This one has never been done before. Compare these two cities on the following:
Economy
Global Significance
Diversity
Weather
Food Scene
Local Culture
Parks
Museums
Walkability
Street Vibrancy
Transit
Architecture
History
Education
Nightlife
Shopping
Safety
Tourism
Cost of Living
Outdoor Recreation
Maybe its never been done because its a ridiculous comparison.
Mexico City has suburbs (Ecatapec) that are more populated than Philadelphia.
The only one of these Philly could possibly compete on would be economy and cheese steaks.
Goes to show that no matter how we compare cities with any metric we could think of, the end results always somehow pertain to the population amount.
The population count is like that one hard fact we just couldn't navigate around.
Second hard fact would be population density (ppsm) but then that's still a offshoot of population count.
Population is what drives everything. Hate it or love it’s what makes cities tick.
Quote:
Originally Posted by Dw572
Personally I would sorta ignore the population count etc. so that we could better compare cities. At the end of the day a big city is still big and you're still just one single tiny body among a whole lot of them.

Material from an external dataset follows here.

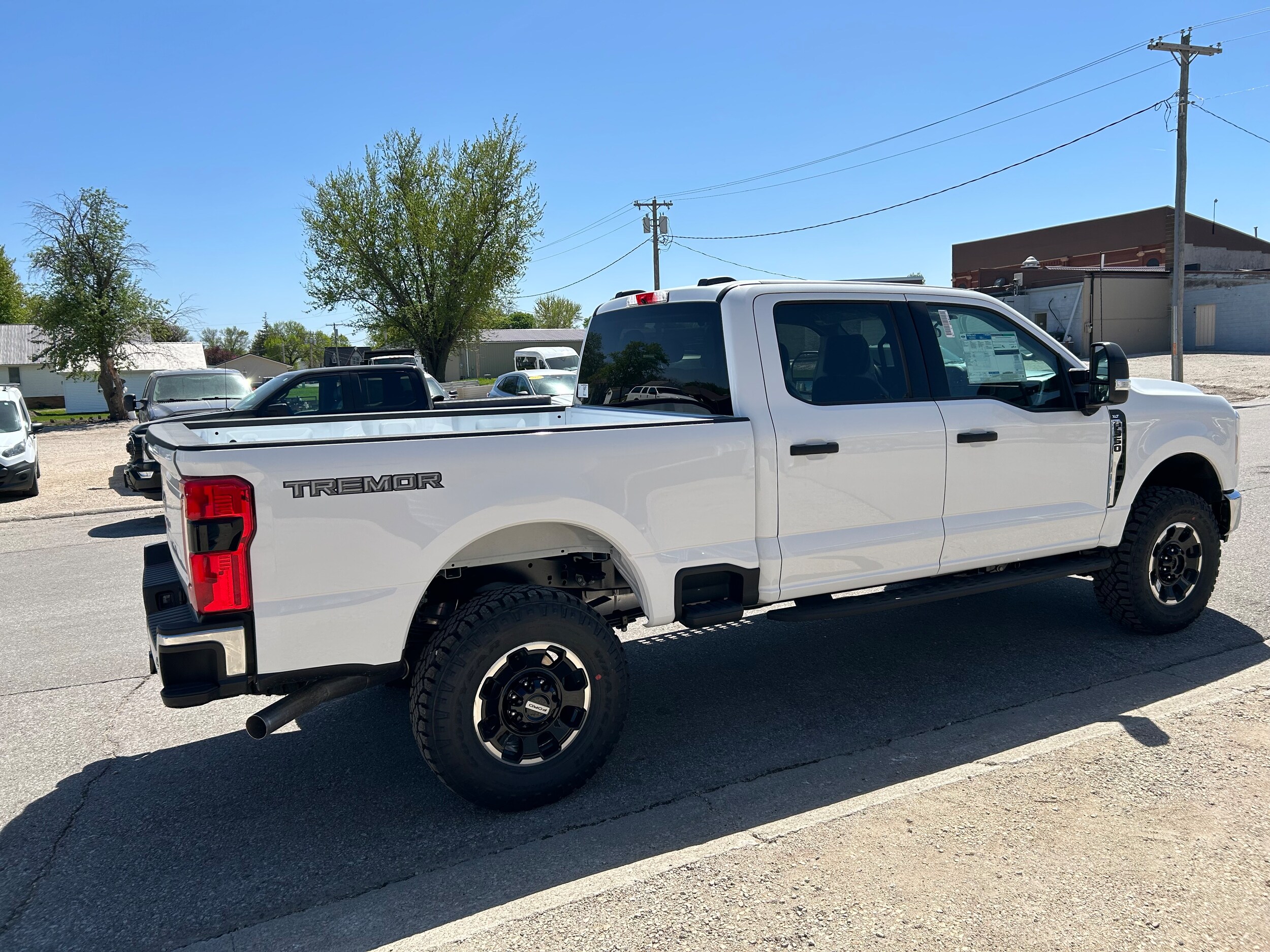 2025 Ford F-350 XLT photo 3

You can absolutely compare towns/cities at parity, but any difference between them are going to be attributed to population differences. It’s two interwoven into the dynamics of cities to not take account all else being equal.
You can absolutely compare cities at parity, but the smaller city is almost always going to be the odd one out irl due to numerics. It’s simply a numbers game.
Raw numbers alone don't necessarily have a bearing on diversity, history, architecture, parks, quality of museums or even transit.